* _Assignment_: Give back the lines of the records exactly, starting at the first and ending at the one with "易烊千玺周冬雨恋情曝光？周冬雨工作室已回应".

Data Start Marker

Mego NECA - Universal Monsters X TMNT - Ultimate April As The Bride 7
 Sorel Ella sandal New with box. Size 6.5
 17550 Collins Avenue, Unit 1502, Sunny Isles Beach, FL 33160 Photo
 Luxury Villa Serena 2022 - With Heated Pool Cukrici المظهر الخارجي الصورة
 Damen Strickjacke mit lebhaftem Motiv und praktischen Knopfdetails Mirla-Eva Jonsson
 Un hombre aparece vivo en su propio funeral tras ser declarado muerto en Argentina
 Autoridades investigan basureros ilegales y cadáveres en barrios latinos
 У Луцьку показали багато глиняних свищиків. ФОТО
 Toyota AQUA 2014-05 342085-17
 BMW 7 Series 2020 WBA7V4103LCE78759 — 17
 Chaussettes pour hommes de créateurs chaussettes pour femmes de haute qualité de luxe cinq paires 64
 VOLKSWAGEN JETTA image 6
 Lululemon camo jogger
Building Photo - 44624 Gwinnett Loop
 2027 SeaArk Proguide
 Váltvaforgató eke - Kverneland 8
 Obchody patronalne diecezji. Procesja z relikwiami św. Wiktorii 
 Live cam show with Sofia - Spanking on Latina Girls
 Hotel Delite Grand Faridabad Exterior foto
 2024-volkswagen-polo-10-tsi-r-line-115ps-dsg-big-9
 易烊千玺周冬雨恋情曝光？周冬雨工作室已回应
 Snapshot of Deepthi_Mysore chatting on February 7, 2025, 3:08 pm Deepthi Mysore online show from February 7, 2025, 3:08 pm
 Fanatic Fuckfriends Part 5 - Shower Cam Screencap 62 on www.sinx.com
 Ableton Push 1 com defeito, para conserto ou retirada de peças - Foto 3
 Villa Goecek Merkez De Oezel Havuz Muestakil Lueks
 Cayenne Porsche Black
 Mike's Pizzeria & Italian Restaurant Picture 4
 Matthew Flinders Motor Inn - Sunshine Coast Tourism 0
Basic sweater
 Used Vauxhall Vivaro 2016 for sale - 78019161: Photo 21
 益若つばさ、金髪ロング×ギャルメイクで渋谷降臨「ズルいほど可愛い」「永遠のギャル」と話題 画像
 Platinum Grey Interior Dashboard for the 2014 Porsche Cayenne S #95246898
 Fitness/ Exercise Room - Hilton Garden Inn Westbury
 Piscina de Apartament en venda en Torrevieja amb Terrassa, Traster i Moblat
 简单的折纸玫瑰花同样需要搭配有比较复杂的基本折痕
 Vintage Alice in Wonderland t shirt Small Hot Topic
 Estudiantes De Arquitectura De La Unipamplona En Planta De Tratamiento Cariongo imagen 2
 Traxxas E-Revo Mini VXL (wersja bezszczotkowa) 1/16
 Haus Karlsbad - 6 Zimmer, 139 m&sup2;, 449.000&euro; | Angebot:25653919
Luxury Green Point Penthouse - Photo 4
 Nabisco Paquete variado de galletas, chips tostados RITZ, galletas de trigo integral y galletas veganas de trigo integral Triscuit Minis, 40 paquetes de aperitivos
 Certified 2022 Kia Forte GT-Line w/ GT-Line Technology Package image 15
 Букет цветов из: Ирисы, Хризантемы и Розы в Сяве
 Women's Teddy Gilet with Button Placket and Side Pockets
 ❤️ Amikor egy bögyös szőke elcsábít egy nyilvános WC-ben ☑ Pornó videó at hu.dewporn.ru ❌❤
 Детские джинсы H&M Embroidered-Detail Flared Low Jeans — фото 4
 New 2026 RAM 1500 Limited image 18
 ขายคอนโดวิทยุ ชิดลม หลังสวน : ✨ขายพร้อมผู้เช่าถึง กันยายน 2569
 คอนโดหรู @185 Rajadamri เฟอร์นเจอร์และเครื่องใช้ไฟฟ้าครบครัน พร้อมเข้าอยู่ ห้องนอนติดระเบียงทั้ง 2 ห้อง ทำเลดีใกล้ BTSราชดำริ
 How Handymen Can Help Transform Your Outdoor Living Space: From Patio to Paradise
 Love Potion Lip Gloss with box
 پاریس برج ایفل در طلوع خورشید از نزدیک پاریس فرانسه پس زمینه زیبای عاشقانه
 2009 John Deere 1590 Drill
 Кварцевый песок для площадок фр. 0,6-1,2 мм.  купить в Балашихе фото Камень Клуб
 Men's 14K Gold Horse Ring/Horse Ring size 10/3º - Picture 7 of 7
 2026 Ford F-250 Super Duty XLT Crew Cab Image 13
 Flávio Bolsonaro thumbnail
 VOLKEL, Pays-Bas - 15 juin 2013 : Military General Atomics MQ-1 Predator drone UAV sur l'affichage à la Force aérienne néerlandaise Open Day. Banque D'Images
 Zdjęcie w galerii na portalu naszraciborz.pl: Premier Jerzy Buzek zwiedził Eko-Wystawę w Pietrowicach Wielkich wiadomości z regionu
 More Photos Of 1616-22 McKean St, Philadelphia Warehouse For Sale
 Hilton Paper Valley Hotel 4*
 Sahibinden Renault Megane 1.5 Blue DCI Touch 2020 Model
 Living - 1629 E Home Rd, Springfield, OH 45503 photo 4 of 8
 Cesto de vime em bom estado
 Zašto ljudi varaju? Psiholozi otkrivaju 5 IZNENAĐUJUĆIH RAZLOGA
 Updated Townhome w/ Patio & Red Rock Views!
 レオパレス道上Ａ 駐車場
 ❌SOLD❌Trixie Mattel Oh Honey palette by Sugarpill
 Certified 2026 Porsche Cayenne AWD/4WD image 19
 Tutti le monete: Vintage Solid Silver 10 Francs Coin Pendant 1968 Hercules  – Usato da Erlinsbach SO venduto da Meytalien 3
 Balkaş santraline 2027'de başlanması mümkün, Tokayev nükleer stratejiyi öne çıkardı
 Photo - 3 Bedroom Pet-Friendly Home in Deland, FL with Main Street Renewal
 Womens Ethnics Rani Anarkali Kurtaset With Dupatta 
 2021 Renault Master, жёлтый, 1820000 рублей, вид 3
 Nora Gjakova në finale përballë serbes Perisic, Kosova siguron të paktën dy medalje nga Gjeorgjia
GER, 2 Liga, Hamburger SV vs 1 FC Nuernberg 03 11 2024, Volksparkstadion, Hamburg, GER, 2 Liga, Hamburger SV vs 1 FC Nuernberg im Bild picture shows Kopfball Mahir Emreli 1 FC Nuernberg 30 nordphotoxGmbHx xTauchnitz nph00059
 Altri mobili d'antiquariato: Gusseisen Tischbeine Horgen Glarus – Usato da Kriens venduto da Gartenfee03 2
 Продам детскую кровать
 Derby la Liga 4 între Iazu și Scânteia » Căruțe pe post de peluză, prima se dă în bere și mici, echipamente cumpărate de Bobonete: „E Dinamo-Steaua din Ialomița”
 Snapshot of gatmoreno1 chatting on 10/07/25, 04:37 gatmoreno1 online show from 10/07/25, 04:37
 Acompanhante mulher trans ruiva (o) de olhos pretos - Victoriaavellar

Data End Marker

* _Exercise result_:
Mego NECA - Universal Monsters X TMNT - Ultimate April As The Bride 7
 Sorel Ella sandal New with box. Size 6.5
 17550 Collins Avenue, Unit 1502, Sunny Isles Beach, FL 33160 Photo
 Luxury Villa Serena 2022 - With Heated Pool Cukrici المظهر الخارجي الصورة
 Damen Strickjacke mit lebhaftem Motiv und praktischen Knopfdetails Mirla-Eva Jonsson
 Un hombre aparece vivo en su propio funeral tras ser declarado muerto en Argentina
 Autoridades investigan basureros ilegales y cadáveres en barrios latinos
 У Луцьку показали багато глиняних свищиків. ФОТО
 Toyota AQUA 2014-05 342085-17
 BMW 7 Series 2020 WBA7V4103LCE78759 — 17
 Chaussettes pour hommes de créateurs chaussettes pour femmes de haute qualité de luxe cinq paires 64
 VOLKSWAGEN JETTA image 6
 Lululemon camo jogger
Building Photo - 44624 Gwinnett Loop
 2027 SeaArk Proguide
 Váltvaforgató eke - Kverneland 8
 Obchody patronalne diecezji. Procesja z relikwiami św. Wiktorii 
 Live cam show with Sofia - Spanking on Latina Girls
 Hotel Delite Grand Faridabad Exterior foto
 2024-volkswagen-polo-10-tsi-r-line-115ps-dsg-big-9
 易烊千玺周冬雨恋情曝光？周冬雨工作室已回应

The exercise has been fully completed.